- [Material supplied]
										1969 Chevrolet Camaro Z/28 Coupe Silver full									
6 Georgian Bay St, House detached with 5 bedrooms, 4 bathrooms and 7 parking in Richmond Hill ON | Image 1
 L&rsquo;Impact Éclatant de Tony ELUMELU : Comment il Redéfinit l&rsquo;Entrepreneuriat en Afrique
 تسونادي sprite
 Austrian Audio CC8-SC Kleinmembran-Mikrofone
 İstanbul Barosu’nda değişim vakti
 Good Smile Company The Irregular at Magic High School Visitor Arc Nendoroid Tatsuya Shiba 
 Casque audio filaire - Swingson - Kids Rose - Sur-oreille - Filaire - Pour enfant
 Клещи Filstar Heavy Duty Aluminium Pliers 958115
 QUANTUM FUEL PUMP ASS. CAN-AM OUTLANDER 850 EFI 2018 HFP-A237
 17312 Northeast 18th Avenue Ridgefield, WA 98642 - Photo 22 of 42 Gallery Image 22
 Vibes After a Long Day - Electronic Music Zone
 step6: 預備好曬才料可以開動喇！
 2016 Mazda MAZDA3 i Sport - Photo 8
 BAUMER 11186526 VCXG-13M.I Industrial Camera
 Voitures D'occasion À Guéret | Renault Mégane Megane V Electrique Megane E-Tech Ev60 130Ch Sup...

- [What the task requires] Print exactly the lines of the records from the one containing "İstanbul Barosu’nda değişim vakti" through the end, and nothing besides them.

- [Answer to the exercise]
 İstanbul Barosu’nda değişim vakti
 Good Smile Company The Irregular at Magic High School Visitor Arc Nendoroid Tatsuya Shiba 
 Casque audio filaire - Swingson - Kids Rose - Sur-oreille - Filaire - Pour enfant
 Клещи Filstar Heavy Duty Aluminium Pliers 958115
 QUANTUM FUEL PUMP ASS. CAN-AM OUTLANDER 850 EFI 2018 HFP-A237
 17312 Northeast 18th Avenue Ridgefield, WA 98642 - Photo 22 of 42 Gallery Image 22
 Vibes After a Long Day - Electronic Music Zone
 step6: 預備好曬才料可以開動喇！
 2016 Mazda MAZDA3 i Sport - Photo 8
 BAUMER 11186526 VCXG-13M.I Industrial Camera
 Voitures D'occasion À Guéret | Renault Mégane Megane V Electrique Megane E-Tech Ev60 130Ch Sup...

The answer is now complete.